This paper provides information about five new innovative technologies that could greatly impact the supply chain, it delves into the many benefits of each technology as well as some challenges, and it gives you a peek into an amazing future.
By Paul Dittmann, PhD
May 16, 2017
An unprecedented wave of innovation engulfs today’s supply chain professionals, and they know that they will have to adapt to survive.
New breakthrough developments, such as drones and driverless vehicles, seem to be everywhere.
One government estimate notes that new and emerging technologies could generate hundreds of thousands of new jobs and hundreds of billions of dollars for the economy over the next ten years.
Whether a company wants to be on the leading edge with these new concepts or not, we strongly believe that all firms must stay abreast of the rapidly moving developments in these fields.
They can lead to market differentiation, competitive advantage, and stronger brand awareness and can eventually create greater customer satisfaction, sustainability, and employee engagement.

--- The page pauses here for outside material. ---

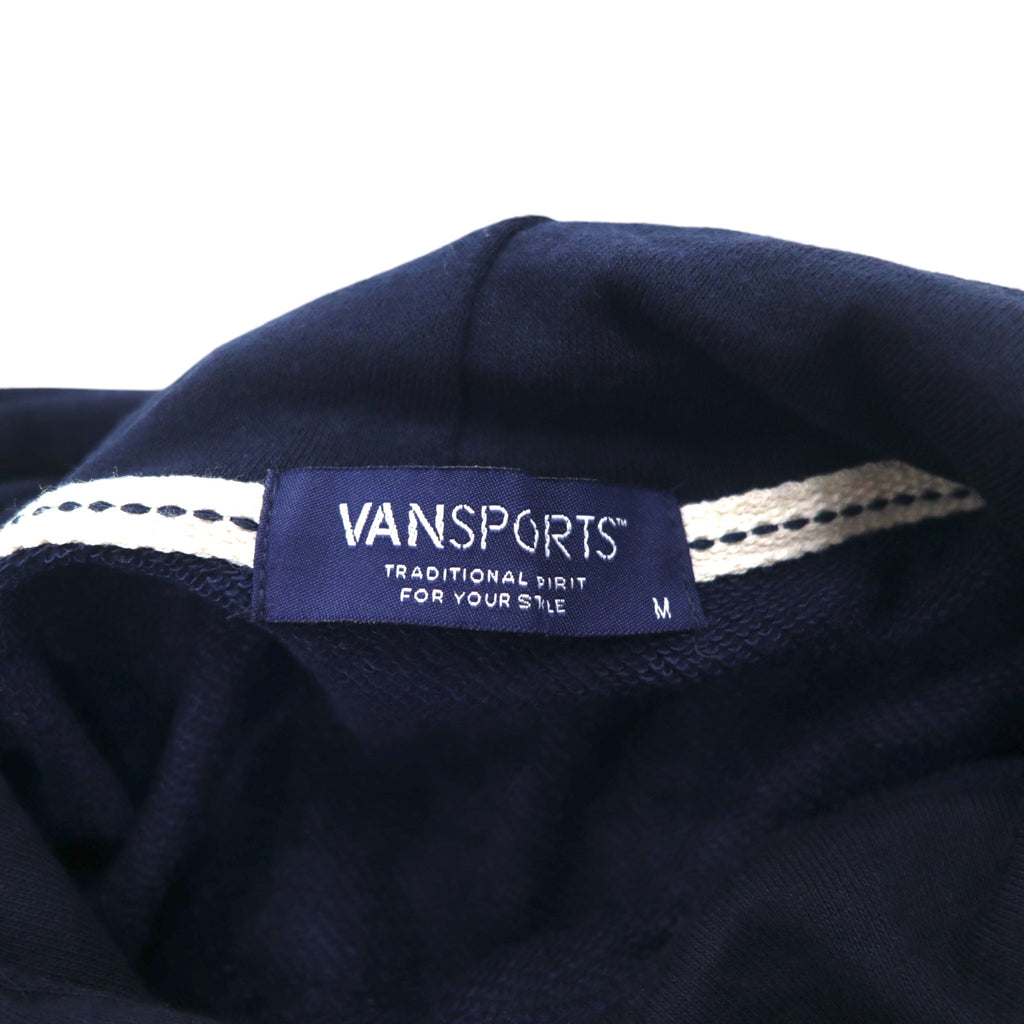VAN SPORTS Pullover Hoodie M Navy Cotton Logo Print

Both of the sponsors of this whitepaper and many others have proven this with innovative solutions that are being implemented today.
Categories of Innovation
It’s safe to say that we have never seen a time with so many developments that could immensely impact the supply chain. They fall into two broad categories:
- Informational/analytical innovation: Cloud computing, big data, and cognitive analytics to capture, store, analyze, and derive insights from data, disseminating and capturing data generated by the Internet of Things (IoT).
- Physical innovation: Technologies that take a more physical form: drones, driverless vehicles, robotics, smart glasses/augmented reality, and 3-D printing.

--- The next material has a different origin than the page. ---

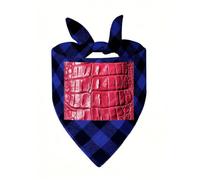 Red Leather Texture Dog Bandana Plaid Triangle Pets Scarf | Funny Dog Neckwear Washable Triangle Bibs Kerchief Pet Costume Accessories for Small Medium Large Dogs Cats Birthday Gift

In this white paper, we will focus on the physical innovation.
However, the segmentation is arbitrary, and clearly the two categories are inextricably linked.
Integrating the physical side of innovation with the digital technologies through advanced software will generate the data needed for optimization.
This connectivity will allow machines to learn and expand their range of application dynamically - rather than remain constrained to a fixed, narrow range of application - leading to a dynamic, automated learning environment.